OLDEST IRISH AMERICAN NEWSPAPER IN USA, ESTABLISHED IN 1928
Category: Archive

Dublin Report In Limerick, film on McCourt book rekindles debate

February 16, 2011

By Staff Reporter

By John Kelly

The only man who ever managed to make much sense out of the city of Limerick to me was the late Seamus O’Cinneide, an eccentric but brilliant columnist in Irish, his first language, and in English. I would have loved to have known his opinion of "Angela’s Ashes," both as a book and now as a film.

An almost reluctant Limerickman who preferred to spend more of his time in the wild open fields of West Clare, O’Cinneide was not one who would try to put a shine on the city. But he loved it, all the same. He loved it because he knew it so well. He accepted it for what it was a city that encapsulated an airport at the hub of the world and yet one that also seemed to resist any cosmopolitan attitudes.

While a nearby international airport like Shannon would have drawn any other city out further into the wide world, Limerick instead, seemed to shrink within itself, especially in the intellectual sense, even as the airport extended.

Clearly, in the wake of the continuing controversies that have erupted at frequent intervals, it is still not quite comfortable with itself, or rather with the image it perceive others have of it.

O’Cinneide’s wild blue eyes would have blazed with delight. He liked nothing better than Limerick when it was at odds with itself. He considered it to be intellectually stimulating. And he was never so hopeless about his city as to consider it to be anything but stimulating.

Sign up to The Irish Echo Newsletter

"It just doesn’t want to grow up too much," he would grunt, attempting to explain why such an international venue was so stubbornly parochial. "It’s a Peter Pan of a place. Everybody in their place, and everybody knowing their place. A Limerick prophet has no chance at all. Anybody who wants to really succeed at anything different just has to leave."

Of course, that could just as well be true of Ireland as a whole, I often suggested. And yes, while he would agree to some extent, he would also insist that Limerick, for a variety of reasons, social, economic and even religious, discouraged variety and individual enterprise even more stubbornly.

He would certainly not deny the horror of the poverty depicted in "Angela’s Ashes." He would also understand the perverse pride of many who continue to wish to deny it today.

Why go back to "Angela’s Ashes," and Frank McCourt?

Surely, you might suspect that controversy is dead and gone, buried in the embers of the last century?

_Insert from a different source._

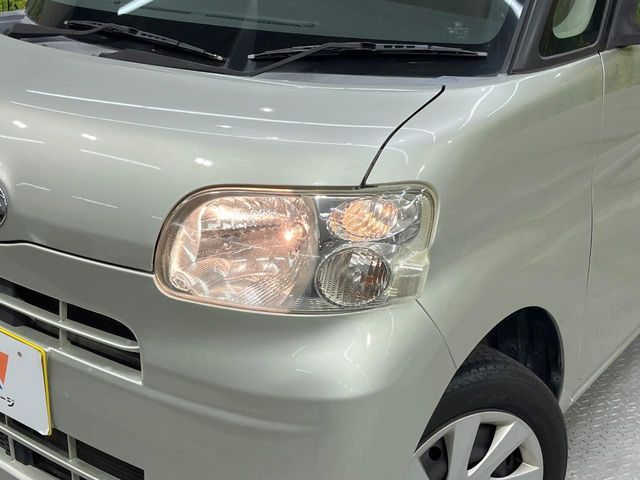 DAIHATSU TANTO 2013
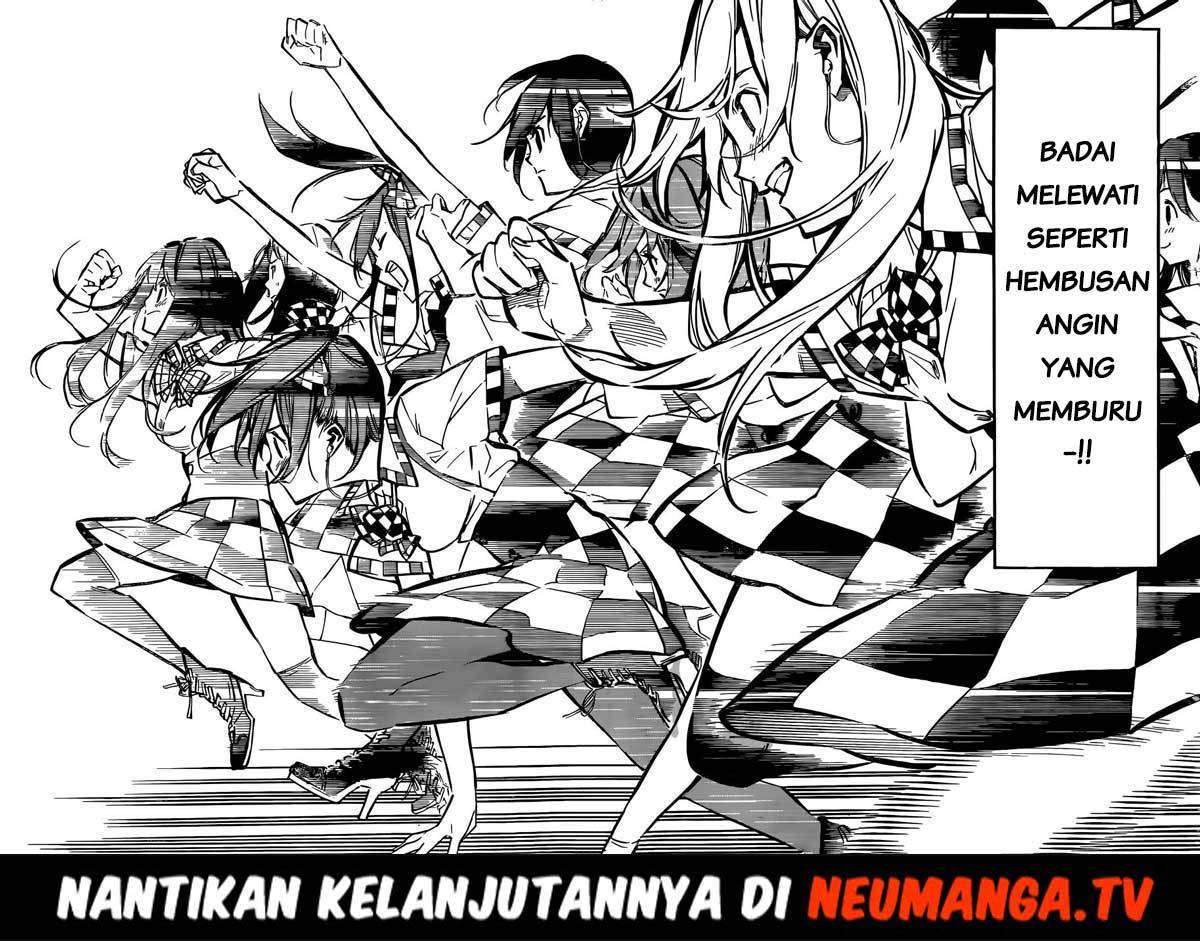 Chapter 169 - halaman 20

Ah, now, hold on a minute. This is Ireland, remember.

The book launched a million rows, several more books from the productive McCourt clan, and a rebuttal from an infuriated Limerick personality. He came to the decision that if a guy couldn’t become famous by writing "Angela’s etc.," he might become just as notorious by manning the city walls against it, so to speak.

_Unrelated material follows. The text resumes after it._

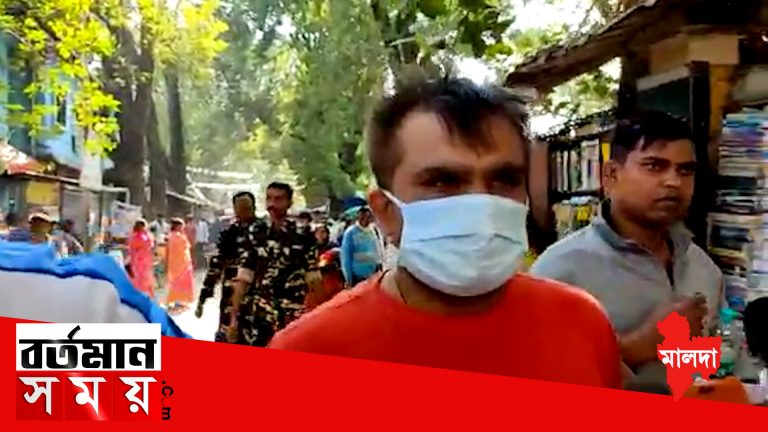 ফেনসিডিল চক্রের গ্রেপ্তার মূল পান্ডা, মালদা জেলা আদালতে পেশ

Now that the film has been launched in Ireland, the argument has begun again.

McCourt must be laughing all the way to the bank — again.

Isn’t life great for some?

‘Tis!

You may wonder why I have such an interest in Limerick. It so happens that I have associations with the city on both sides of my family. An uncle of mine from Roscommon who played rugby for Garryowen married a young nurse from there.

Many years previously, my grand-uncle Andrew Forristal, originally from Glenmore, on the border of Kilkenny and Wexford, was closely involved in the 1913 lockout. He was a bacon curer in Denny’s.

These were some of the thoughts bothering me as I writhed in bed, still suffering from the most godawful flu when Pat Kenny of RTE came in to introduce the "Gabby Cabby," as they call him, from the Big Apple.

He has got to be one of the best original exports, gift-wrapped, from New York City. And a lot of good things came from New York, including Frank McCourt, come to think of it.

Every time I hear Peter Franklin (I understand that is his name), I am immediately transported back to the music of the unmistakable, absolutely unpretentious, straight between the eyes "Noo Yoik!"

His accent and his delivery are as authentic as a Bronx cheer. And that has hardly changed at all since the days of Babe Ruth.

A few seconds of one of his riveting dispatches on the Big Apple is nearly as refreshing for a former New York resident like me as a stroll through Central Park.

His Bronx leaves the brogue in the shade.

He was particularly good on the subject of Hillary Clinton and her much-publicized appearance on "The Late Show With David Letterman." Hillary wowed them, as the "Gabby Cabby" put it. She even managed to look sexy. Is that really so surprising? But best of all, she made them laugh.

Until now, it seems that Hizzoner, Rudy Giuliani, seemed to have it all sewn up. Now, although the election is months away, he must suddenly realize that he has a real fight on his hands.

It doesn’t surprise me, not even from this distance. I have always had a great regard for Hillary Clinton. Not alone is she bright and fiercely independent, she has also displayed tremendous grace under extreme pressure, the very essence of courage.

New Yorkers, I reckon, are in for one hell of an interesting campaign. I envy them it and I hope to hear more of the "Gabby Cabby" on that particular subject.

It seems, like it or not, that I will also hear much more about "Angela’s Ashes." Some arguments are destined to last forever in Ireland. Come to think of it, perhaps all arguments here are in that particular framework.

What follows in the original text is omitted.